Goal of the exercise :: Every picture is to be removed, and all the data is to be copied exactly.
□ □ □
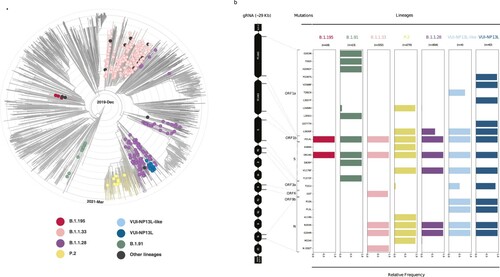 Figure 1. Phylogenomic reconstruction of the SARS-CoV-2 genome. (a) Phylogenetic tree of 340 sequences described in this study combined with a dataset of 3,625 South American genomes. Branch lengths are proportional to the collection date (between Abril 2020 and March 2021). Concentric circular rings represent the timeline (interval every three months). Each filled circle represents our SARS-CoV-2 sequences, and they are coloured according to lineage (legend box). (b) Highlighter plot showing SARS-CoV-2 mutation patterns along the genome evaluated here. Mutations are colour-coded according to the lineages shown in Figure 1A legend.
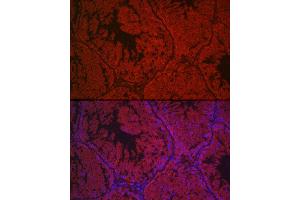 Immunofluorescence analysis of mouse testis cells using LHCGR Rabbit pAb (ABIN6128180, ABIN6143185, ABIN6143186 and ABIN6221866) at dilution of 1:500 (40x lens). (LHCGR antibody  (AA 200-360))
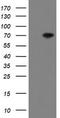 Mitochondrial Intermediate Peptidase antibody, TA800258AM, Origene, Western Blot image 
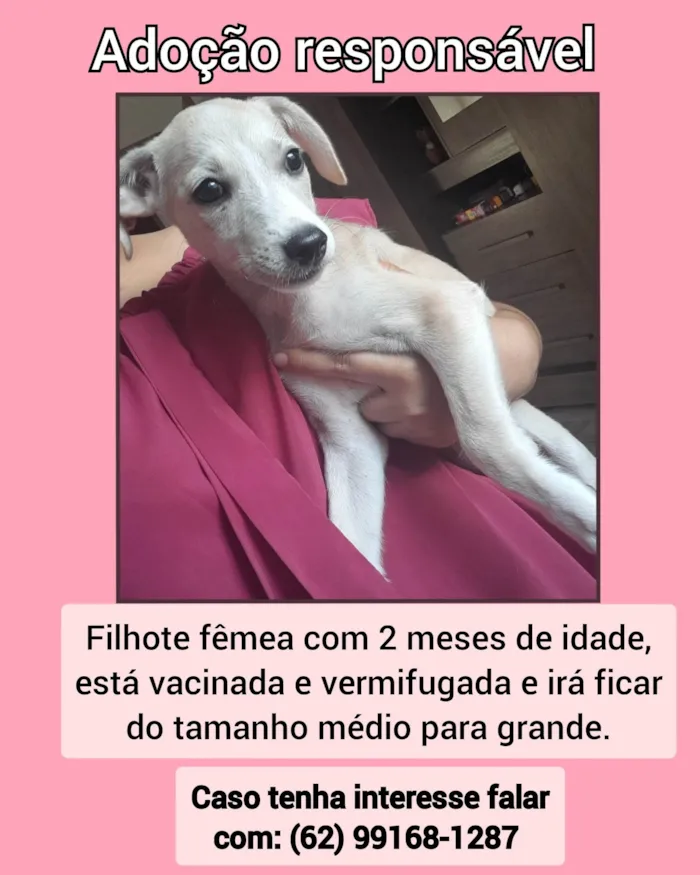 Cachorro ra a SRD-ViraLata idade 2 a 6 meses nome Jolie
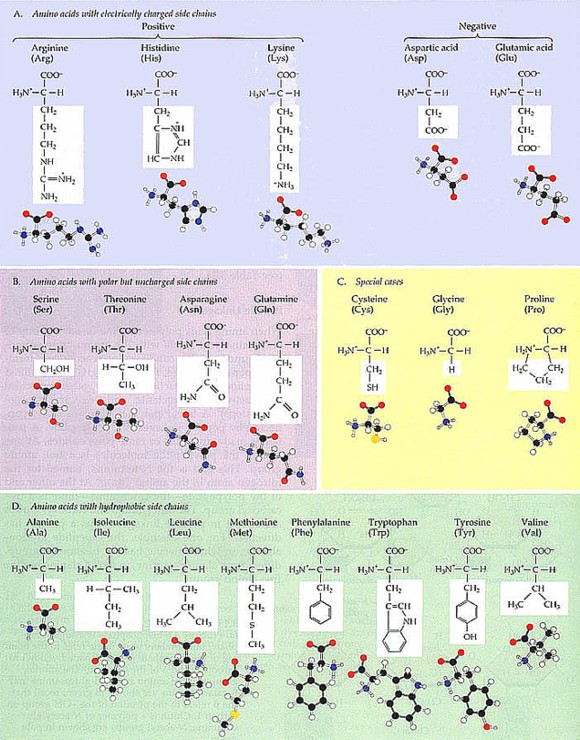 How many naturally occurring amino acids can make up a protein? Amino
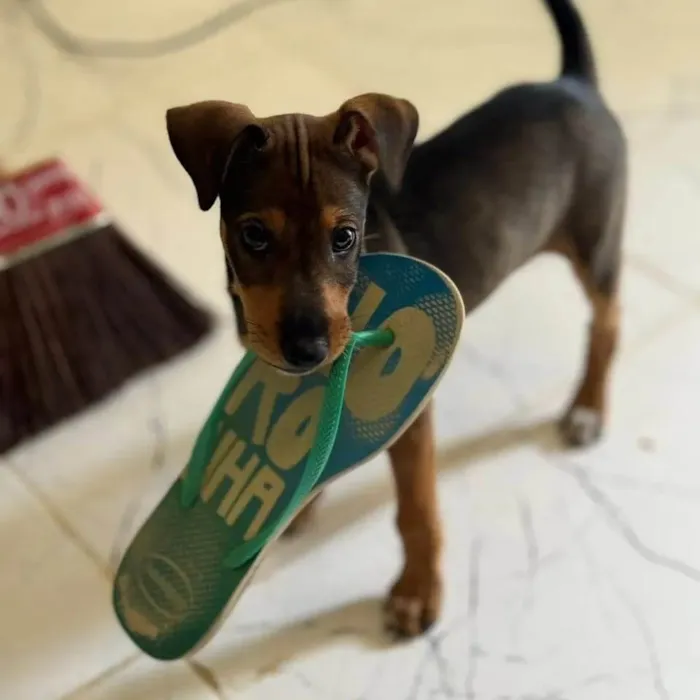 Cachorro ra a SRD-ViraLata idade  nome Kim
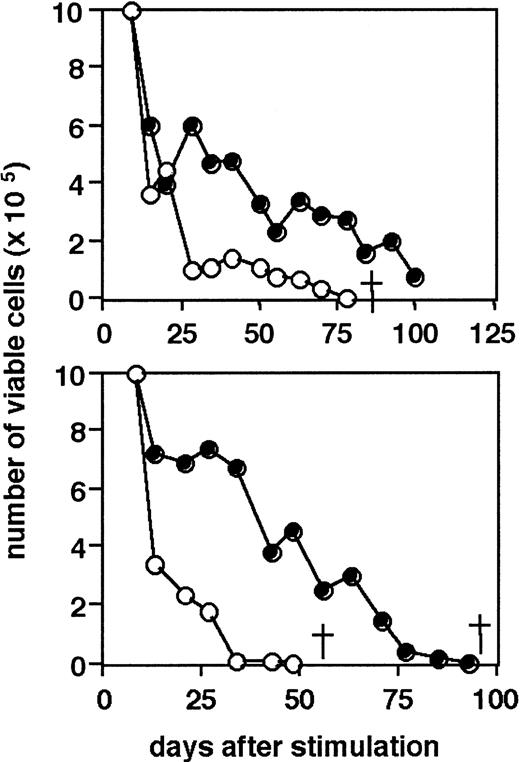 Figure 5. Cell death in hTERT-transduced T-cell cultures in the absence of stimulation. CD4+ T-cell clone MoT-72 cells (top panel) and CD8+ T-cell clone AKR103 (bottom panel) transduced with hTERT–puro-transduced (•) or untransduced (○), respectively, were seeded at 1 × 105 per mL 12 days after the last stimulation and cultured in medium containing IL-2 without stimulation for 100 days. Viable cells were counted weekly by trypan blue exclusion. † indicates death of the culture.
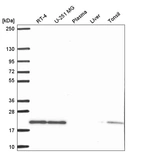 Anti-SKP1 Antibody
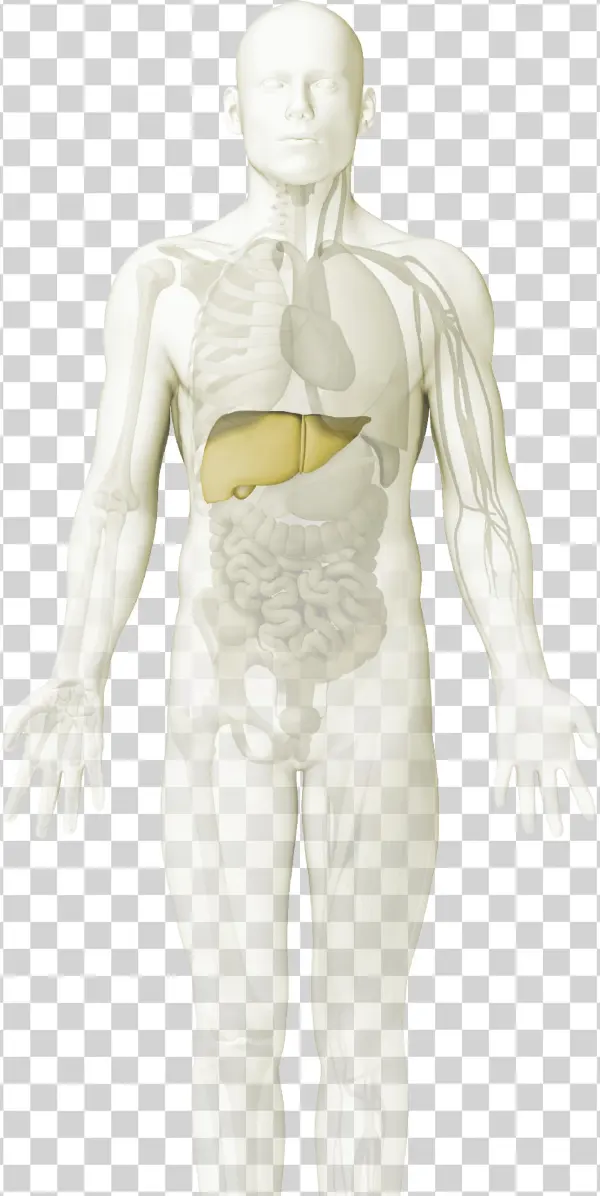 Line Immuno Assays - Mannequin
□ □ □
Your response ::
 Figure 1. Phylogenomic reconstruction of the SARS-CoV-2 genome. (a) Phylogenetic tree of 340 sequences described in this study combined with a dataset of 3,625 South American genomes. Branch lengths are proportional to the collection date (between Abril 2020 and March 2021). Concentric circular rings represent the timeline (interval every three months). Each filled circle represents our SARS-CoV-2 sequences, and they are coloured according to lineage (legend box). (b) Highlighter plot showing SARS-CoV-2 mutation patterns along the genome evaluated here. Mutations are colour-coded according to the lineages shown in Figure 1A legend.
 Immunofluorescence analysis of mouse testis cells using LHCGR Rabbit pAb (ABIN6128180, ABIN6143185, ABIN6143186 and ABIN6221866) at dilution of 1:500 (40x lens). (LHCGR antibody  (AA 200-360))
 Mitochondrial Intermediate Peptidase antibody, TA800258AM, Origene, Western Blot image 
 Cachorro ra a SRD-ViraLata idade 2 a 6 meses nome Jolie
 How many naturally occurring amino acids can make up a protein? Amino
 Cachorro ra a SRD-ViraLata idade  nome Kim
 Figure 5. Cell death in hTERT-transduced T-cell cultures in the absence of stimulation. CD4+ T-cell clone MoT-72 cells (top panel) and CD8+ T-cell clone AKR103 (bottom panel) transduced with hTERT–puro-transduced (•) or untransduced (○), respectively, were seeded at 1 × 105 per mL 12 days after the last stimulation and cultured in medium containing IL-2 without stimulation for 100 days. Viable cells were counted weekly by trypan blue exclusion. † indicates death of the culture.
 Anti-SKP1 Antibody
 Line Immuno Assays - Mannequin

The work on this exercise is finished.